WORK REQUEST: Once you have located the line containing "Slim fit tuxedo" in the material below, return it exactly along with each line after it through the line containing "CDU nursing student".

INFORMATION PROVIDED:

———

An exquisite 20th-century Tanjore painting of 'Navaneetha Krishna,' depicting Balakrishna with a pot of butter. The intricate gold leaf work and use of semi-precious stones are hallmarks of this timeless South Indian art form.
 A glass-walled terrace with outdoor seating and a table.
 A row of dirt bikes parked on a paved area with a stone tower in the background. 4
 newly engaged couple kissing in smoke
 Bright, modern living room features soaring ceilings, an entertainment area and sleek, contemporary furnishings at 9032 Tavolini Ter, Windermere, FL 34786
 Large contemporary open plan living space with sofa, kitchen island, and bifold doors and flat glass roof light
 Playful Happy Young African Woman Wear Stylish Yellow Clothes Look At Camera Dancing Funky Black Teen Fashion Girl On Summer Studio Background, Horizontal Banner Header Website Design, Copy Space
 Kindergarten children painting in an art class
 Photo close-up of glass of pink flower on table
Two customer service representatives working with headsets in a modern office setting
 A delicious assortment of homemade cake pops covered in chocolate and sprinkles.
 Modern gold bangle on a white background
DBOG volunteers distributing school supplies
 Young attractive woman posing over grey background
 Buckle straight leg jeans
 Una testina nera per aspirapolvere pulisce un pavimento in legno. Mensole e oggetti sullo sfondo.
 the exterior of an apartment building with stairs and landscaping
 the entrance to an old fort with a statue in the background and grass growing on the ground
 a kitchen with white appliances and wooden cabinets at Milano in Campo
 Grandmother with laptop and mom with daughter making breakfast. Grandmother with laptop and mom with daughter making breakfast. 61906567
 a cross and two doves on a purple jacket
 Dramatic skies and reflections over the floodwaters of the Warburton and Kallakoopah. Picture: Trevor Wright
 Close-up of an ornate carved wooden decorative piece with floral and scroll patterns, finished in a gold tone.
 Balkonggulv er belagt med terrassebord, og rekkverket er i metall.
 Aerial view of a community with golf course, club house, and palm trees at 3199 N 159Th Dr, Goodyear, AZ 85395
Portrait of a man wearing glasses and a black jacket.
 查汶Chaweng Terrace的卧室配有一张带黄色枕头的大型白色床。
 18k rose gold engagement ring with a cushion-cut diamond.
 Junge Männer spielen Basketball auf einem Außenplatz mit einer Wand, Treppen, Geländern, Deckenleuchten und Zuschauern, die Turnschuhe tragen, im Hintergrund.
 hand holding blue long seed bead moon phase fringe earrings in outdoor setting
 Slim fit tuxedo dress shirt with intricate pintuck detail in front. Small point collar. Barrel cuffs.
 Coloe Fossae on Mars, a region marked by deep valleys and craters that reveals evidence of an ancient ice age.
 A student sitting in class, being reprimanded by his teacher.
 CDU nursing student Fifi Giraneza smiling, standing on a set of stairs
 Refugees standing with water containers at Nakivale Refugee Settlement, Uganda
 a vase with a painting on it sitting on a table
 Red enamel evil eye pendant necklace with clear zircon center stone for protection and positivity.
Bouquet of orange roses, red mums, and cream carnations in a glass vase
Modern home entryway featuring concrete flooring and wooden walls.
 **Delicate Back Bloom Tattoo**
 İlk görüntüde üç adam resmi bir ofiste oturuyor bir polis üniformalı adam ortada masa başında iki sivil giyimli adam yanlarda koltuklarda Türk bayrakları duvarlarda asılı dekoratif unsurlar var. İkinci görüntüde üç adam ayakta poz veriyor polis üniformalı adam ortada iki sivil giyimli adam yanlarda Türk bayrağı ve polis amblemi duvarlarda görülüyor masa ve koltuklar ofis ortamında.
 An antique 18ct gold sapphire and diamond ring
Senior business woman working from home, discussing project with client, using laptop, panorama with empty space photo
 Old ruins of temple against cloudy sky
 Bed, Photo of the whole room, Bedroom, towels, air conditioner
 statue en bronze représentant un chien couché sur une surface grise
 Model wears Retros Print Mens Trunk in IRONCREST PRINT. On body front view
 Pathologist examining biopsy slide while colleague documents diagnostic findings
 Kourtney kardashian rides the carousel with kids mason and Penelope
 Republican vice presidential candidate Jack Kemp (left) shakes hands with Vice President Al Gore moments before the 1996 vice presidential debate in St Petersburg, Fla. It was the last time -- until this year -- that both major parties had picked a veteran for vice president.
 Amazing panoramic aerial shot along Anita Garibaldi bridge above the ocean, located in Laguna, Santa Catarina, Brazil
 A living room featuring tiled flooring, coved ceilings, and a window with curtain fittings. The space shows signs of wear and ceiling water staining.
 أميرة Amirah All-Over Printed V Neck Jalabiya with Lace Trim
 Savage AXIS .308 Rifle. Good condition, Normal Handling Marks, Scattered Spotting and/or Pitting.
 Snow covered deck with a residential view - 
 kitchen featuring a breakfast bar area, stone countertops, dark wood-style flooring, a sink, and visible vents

———

SOLUTION FOR THIS TASK:
 Slim fit tuxedo dress shirt with intricate pintuck detail in front. Small point collar. Barrel cuffs.
 Coloe Fossae on Mars, a region marked by deep valleys and craters that reveals evidence of an ancient ice age.
 A student sitting in class, being reprimanded by his teacher.
 CDU nursing student Fifi Giraneza smiling, standing on a set of stairs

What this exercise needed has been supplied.